SUPPLIED MATERIAL |
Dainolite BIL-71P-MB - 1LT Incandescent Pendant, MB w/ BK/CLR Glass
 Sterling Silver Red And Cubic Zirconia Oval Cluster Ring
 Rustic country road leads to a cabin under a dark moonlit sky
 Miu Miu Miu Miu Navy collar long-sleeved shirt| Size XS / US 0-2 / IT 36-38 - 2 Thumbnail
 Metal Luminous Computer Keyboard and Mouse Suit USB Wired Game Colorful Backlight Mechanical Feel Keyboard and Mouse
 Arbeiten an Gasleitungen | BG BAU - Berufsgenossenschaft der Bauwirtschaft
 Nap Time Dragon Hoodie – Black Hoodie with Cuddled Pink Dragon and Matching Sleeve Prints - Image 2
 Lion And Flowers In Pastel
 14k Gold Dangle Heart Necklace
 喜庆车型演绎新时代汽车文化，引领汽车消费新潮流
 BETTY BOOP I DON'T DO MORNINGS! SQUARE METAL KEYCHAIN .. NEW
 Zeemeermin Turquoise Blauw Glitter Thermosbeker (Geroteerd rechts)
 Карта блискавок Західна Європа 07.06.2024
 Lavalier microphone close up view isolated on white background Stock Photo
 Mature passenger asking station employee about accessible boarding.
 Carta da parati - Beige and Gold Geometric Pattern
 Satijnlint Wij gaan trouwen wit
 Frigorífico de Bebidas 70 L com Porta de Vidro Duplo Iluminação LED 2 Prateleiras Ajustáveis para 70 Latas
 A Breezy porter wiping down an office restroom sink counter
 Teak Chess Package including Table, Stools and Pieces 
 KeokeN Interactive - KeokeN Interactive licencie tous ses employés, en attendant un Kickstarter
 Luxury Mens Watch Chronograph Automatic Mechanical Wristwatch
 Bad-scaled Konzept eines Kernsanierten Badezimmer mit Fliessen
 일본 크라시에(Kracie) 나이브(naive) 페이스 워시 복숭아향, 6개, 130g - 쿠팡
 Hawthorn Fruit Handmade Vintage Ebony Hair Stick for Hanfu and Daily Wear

WHAT THE EXERCISE ASKS |
Find where "Lion And Flowers In Pastel" occurs in the data, and please write out that line through the last line exactly, with nothing else.

WRITTEN ANSWER |
 Lion And Flowers In Pastel
 14k Gold Dangle Heart Necklace
 喜庆车型演绎新时代汽车文化，引领汽车消费新潮流
 BETTY BOOP I DON'T DO MORNINGS! SQUARE METAL KEYCHAIN .. NEW
 Zeemeermin Turquoise Blauw Glitter Thermosbeker (Geroteerd rechts)
 Карта блискавок Західна Європа 07.06.2024
 Lavalier microphone close up view isolated on white background Stock Photo
 Mature passenger asking station employee about accessible boarding.
 Carta da parati - Beige and Gold Geometric Pattern
 Satijnlint Wij gaan trouwen wit
 Frigorífico de Bebidas 70 L com Porta de Vidro Duplo Iluminação LED 2 Prateleiras Ajustáveis para 70 Latas
 A Breezy porter wiping down an office restroom sink counter
 Teak Chess Package including Table, Stools and Pieces 
 KeokeN Interactive - KeokeN Interactive licencie tous ses employés, en attendant un Kickstarter
 Luxury Mens Watch Chronograph Automatic Mechanical Wristwatch
 Bad-scaled Konzept eines Kernsanierten Badezimmer mit Fliessen
 일본 크라시에(Kracie) 나이브(naive) 페이스 워시 복숭아향, 6개, 130g - 쿠팡
 Hawthorn Fruit Handmade Vintage Ebony Hair Stick for Hanfu and Daily Wear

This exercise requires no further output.